Voici quelque chose que vous saviez déjà au sujet des constructeurs automobiles qui vous offrent de financer une auto neuve sur 84 mois. Votre gérant de banque vous le dit, vos proches vous le disent, votre gros bon sens vous le dit, mais voici que même un grand patron de l'industrie automobile vous le dit: «C'est stupide», a déclaré John Mendel, le patron des ventes chez Honda USA.

Il a dénoncé les financements sur six et sept ans offerts par la concurrence lors de la grande fête de l'automobile américaine, au Salon de l'auto de Detroit, en entrevue avec l'agence de presse financière Bloomberg. M. Mendel a été un des seuls à casser le party durant ces 10 jours où les acteurs de l'industrie automobile célébraient 16,4 millions de ventes en 2014, la meilleure année depuis huit ans, et anticipaient des ventes de 16,7 millions cette année.

Quand une voiture est vendue grâce à un prêt étiré sur sept ans, «le vendeur célèbre la vente d'une auto neuve, mais le client sort de là criblé de dettes, ses finances sont tellement précaires», a dit Mendel, qui prévient que la pratique n'est pas soutenable à long terme et est «stupide pour toute l'industrie».

Les prêts sur sept ans permettent à des clients peu fortunés d'acheter une voiture à tempérament grâce à 84 mensualités basses, mais qui impliquent beaucoup d'intérêts au final, donc qui grèvent leurs finances à long terme. Mais surtout, sept ans, c'est long, et la dépréciation de la voiture est souvent plus rapide que le remboursement du prêt par l'emprunteur.

Le résultat prévisible que Mendel redoute? Une sous-caste de consommateurs qui n'auront jamais d'équité (ou, pire encore, une dette résiduelle sur le véhicule) quand le temps sera venu de changer d'auto à nouveau. «Ça va nuire au marché des autos neuves», a-t-il dit.

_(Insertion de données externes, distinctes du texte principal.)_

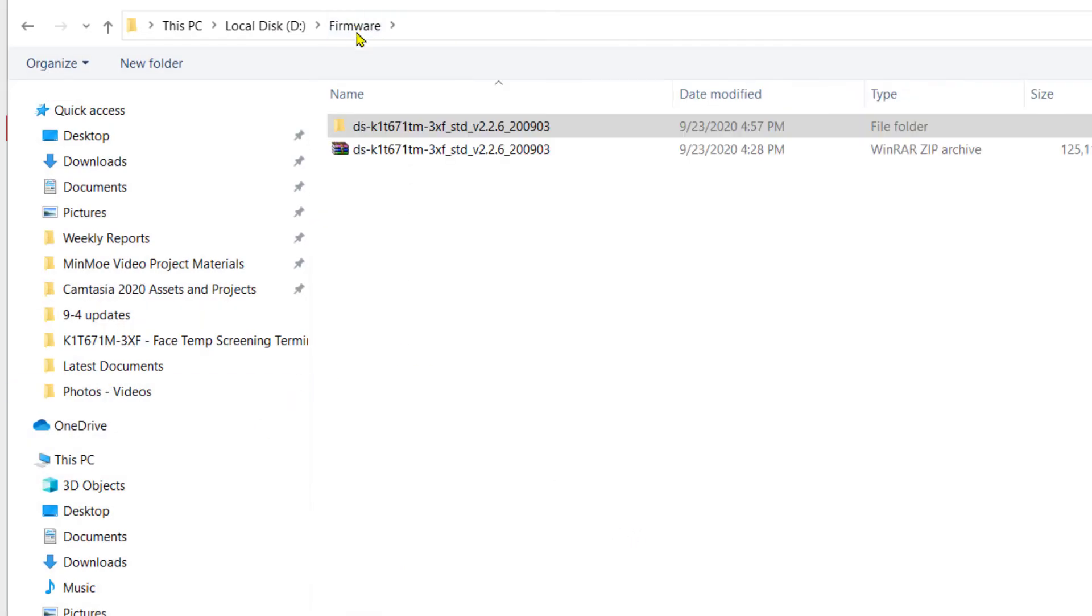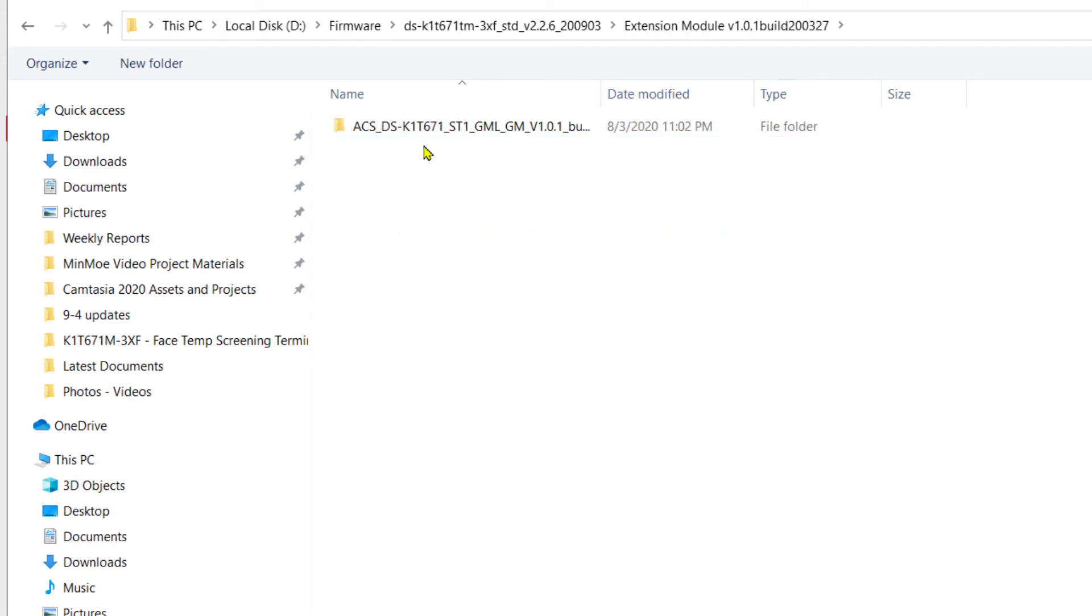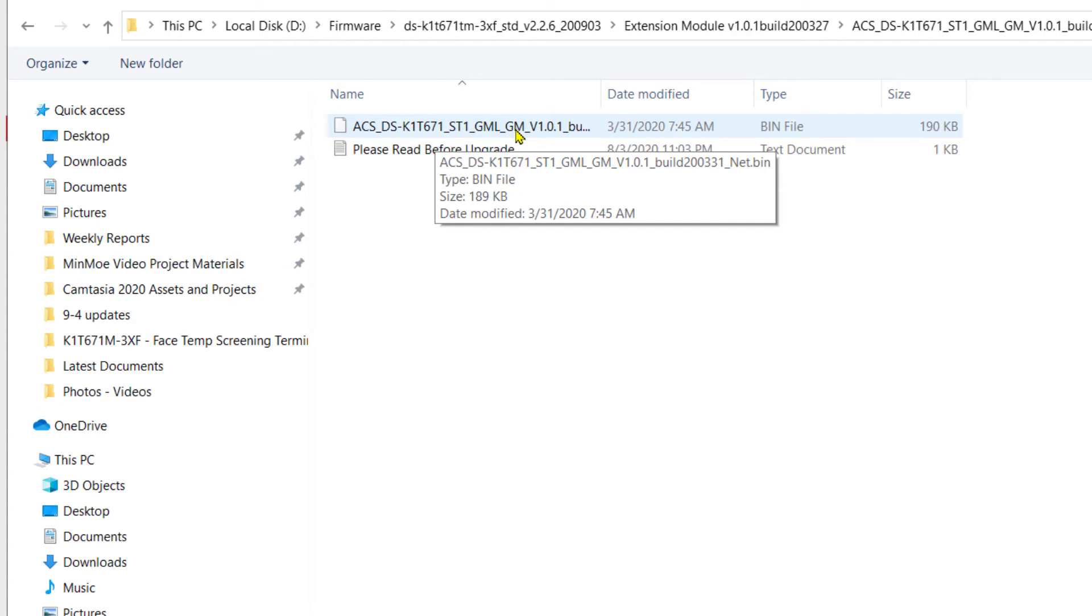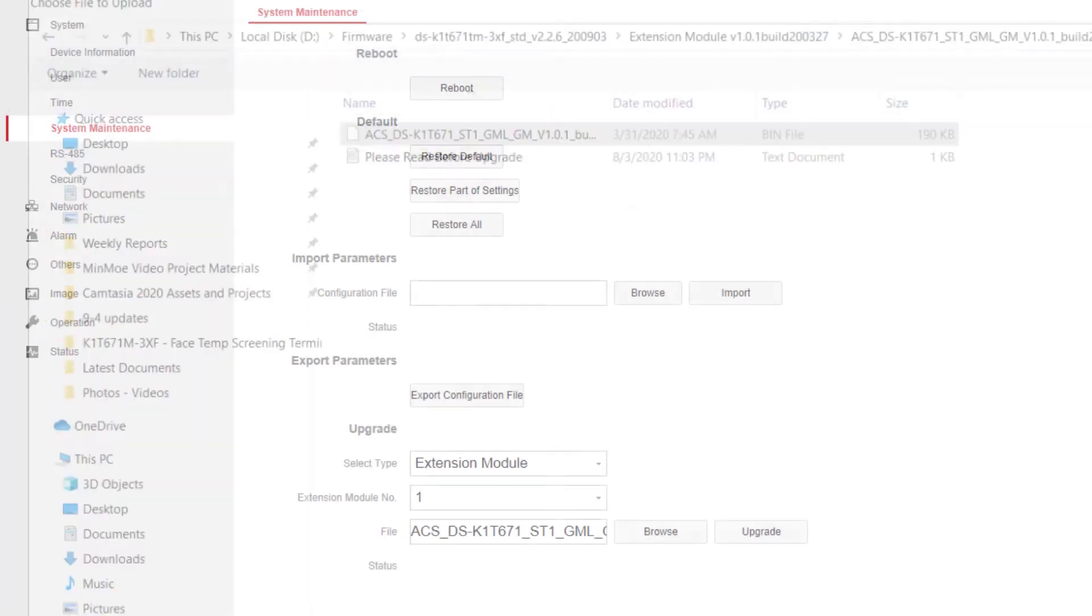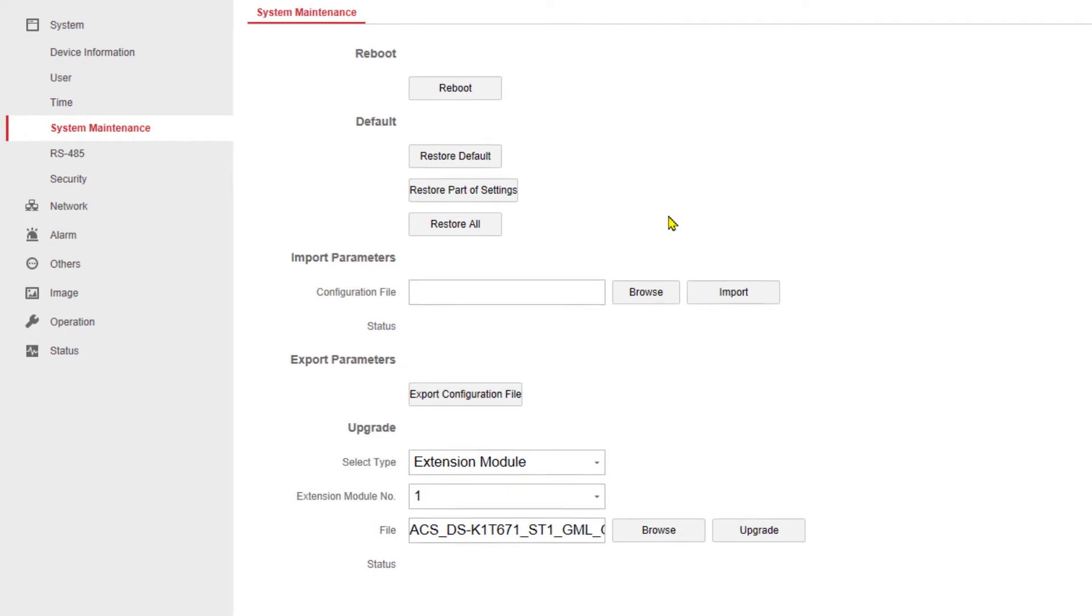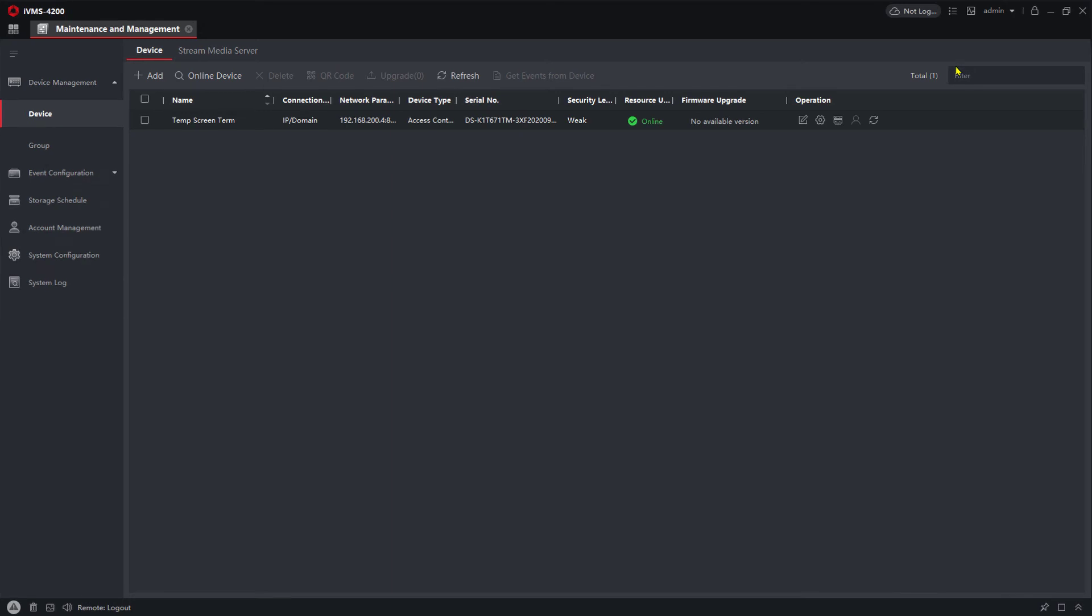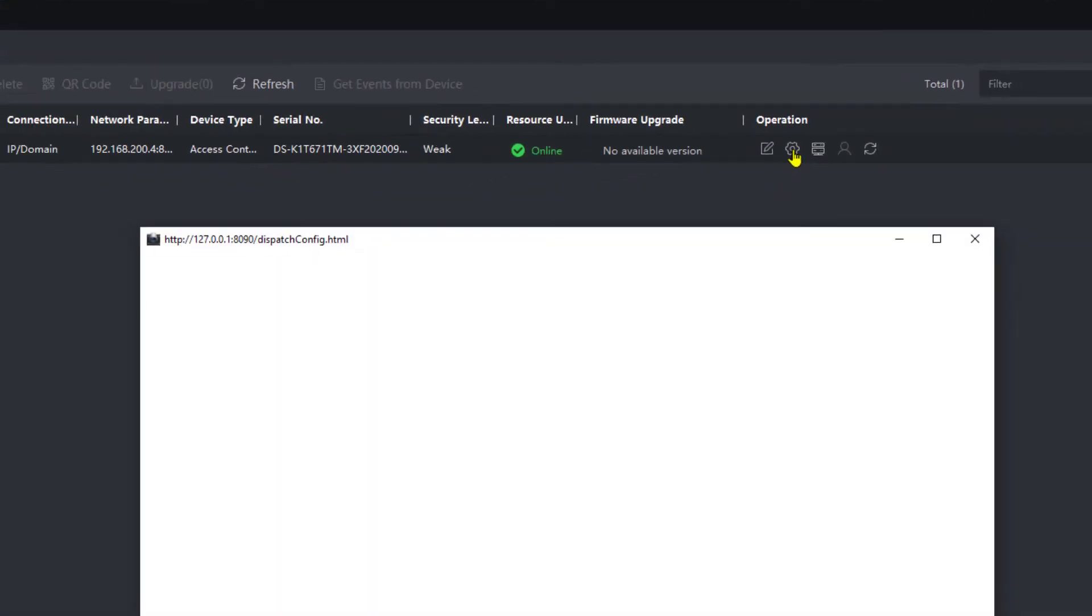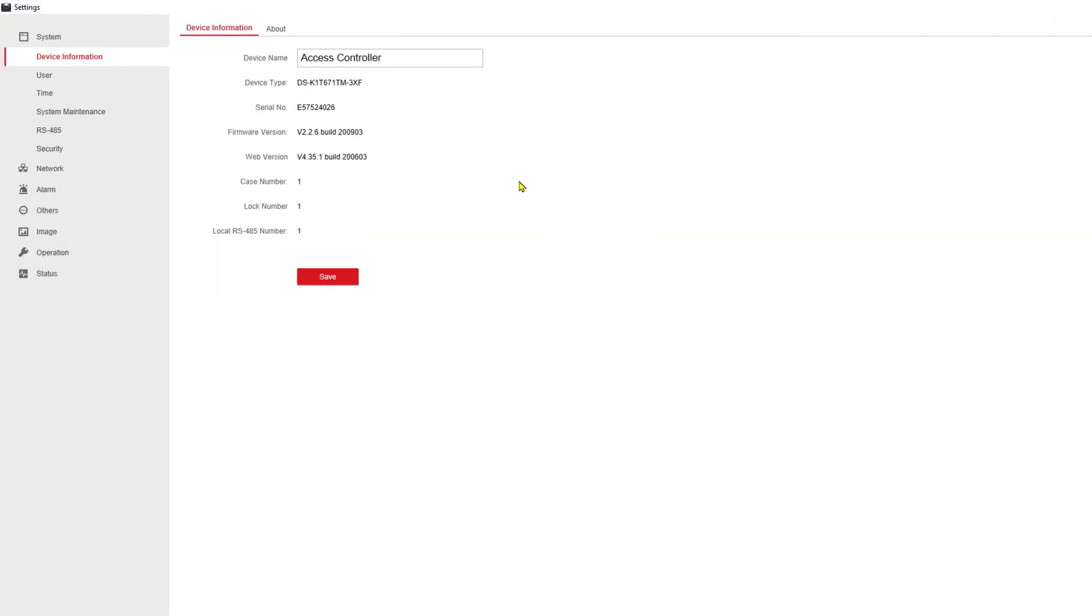I'm going to go back to the firmware folder and find the extension module folder, and inside of that folder is a subfolder, and inside of that is a bin file. So I'm going to choose that bin file and I'm going to click on upgrade. And again, the process will start the upgrade and eventually it will disconnect from the device and tell you so.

L'agence Bloomberg, qui tient des statistiques sur les prêts automobiles, rapporte que le pourcentage des acheteurs américains qui financent leur auto sur six ans et plus est passé de 10% en 2010 à 25% en 2014.

M. Mendel note aussi que même si les gens financent leur auto sur 84 mois et ont les moyens et le temps de rembourser, ils s'excluent du bassin d'acheteurs durant un cycle très long, ce qui nuit aussi à l'industrie.

Au contraire, un acheteur qui discipline ses dépenses de consommation et qui rembourse son emprunt-auto sur trois ou quatre ans a une voiture qui a de la valeur quand il retourne acheter une autre voiture neuve. «Cette auto usagée mais payée est un actif net, ils n'ont pas besoin de sortir d'autre argent pour acheter l'auto suivante. On appelle ça faire du clef-à-clef» et M. Mendel estime que cela crée une clientèle loyale.

Par contre, le problème dont M. Mendel ne parle pas est celui des salariés à faibles revenus, les gens qui n'ont pas les moyens d'avoir une auto neuve. Si 25% des emprunteurs américains optent pour le financement de sept ans, ce n'est pas seulement parce qu'ils veulent dépenser plus d'argent en biens de consommation non durables. C'est aussi parce que l'auto est nécessaire pour travailler, même si leur revenu disponible est bas. C'est un problème d'inégalité qui touche toute la société américaine et qui dépasse les considérations d'un constructeur qui essaie de vendre des autos, même des Honda Fit bon marché.

M. Mendel ajoute que Honda USA ne financera plus de voitures sur les longues périodes et s'en tiendra généralement aux financements sur 36 et 48 mois assortis d'un paiement de base obligatoire. Et ce, même si Honda est menacée d'être supplantée par Nissan au 5e rang des constructeurs automobiles actifs aux États-Unis.

M. Mendel a d'ailleurs dit à l'agence Bloomberg que certains concurrents «font des choses stupides» pour gagner des parts de marché.